Atwood calls Islam’s work "the 1001 Nights of its time — rooms opening into rooms, stories opening into stories in the same literary mansion as Calvino, Burroughs, David Foster Wallace, and the meta-fabulist satirists. Often very funny in a dark, horrifying way … A funhouse mirror of the actual state of certain parts of the world, in our age."

Scheduled for publication in February 2014, the novel was acquired in an exciting pre–empt by Hamish Hamilton Publisher Nicole Winstanley with Islam’s agent, John Pearce of Westwood Creative Artists.

Says Winstanley, "I knew I wanted to publish Fire in the Unnameable Country after reading its opening sentences. The prose is an almost indescribable combination of ambition, innovation, and originality, and the pages contain a deep wisdom that never really leaves you. Ghalib Islam is a formidable talent, and I’m really proud to have him on the Hamish Hamilton list."

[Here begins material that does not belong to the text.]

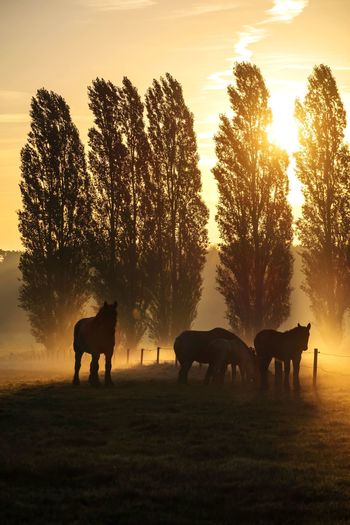 Group of horses at beautiful sunrise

Says Islam, "I am thrilled Fire in the Unnameable Country will be published by Hamish Hamilton alongside such talented and prominent literary voices as Arundhati Roy, Philip Roth, and Zadie Smith."

Fire in the Unnameable Country begins high in the sky, as a baby boy is born on a flying carpet thousands of feet above an obscure land whose leader has manufactured the ability to hear every unspoken utterance of the nation and records the contents of his citizens’ minds onto magnetic tape reels for archival storage. Later in his still young life, as the unnameable country collapses into disarray around him, he begins a rambling, hypnotic epistle, where, interspersed with accounts of contemporary terrorist attacks and the outbreak of a mysterious viral epidemic, he invokes the memories of generations past to hark back upon the troubled history of the country and expose the root of the current crisis. A fever dream of dystopian scenarios evolving by shotgun mitosis on the page, Fire in the Unnameable Country could easily be the result of William S. Burroughs, Philip K. Dick, and M.C. Escher collaborating on a sequel to Inception set on the Arabian Peninsula in the aftermath of a Reagan–era imperial intervention.

About Ghalib Islam
Ghalib Islam was born in Bangladesh and immigrated to Canada at age seven. He has a BA in Political Science from McMaster University, where he focused on international relations, and is a graduate of the University of Toronto’s Creative Writing MA program, where he studied under Margaret Atwood.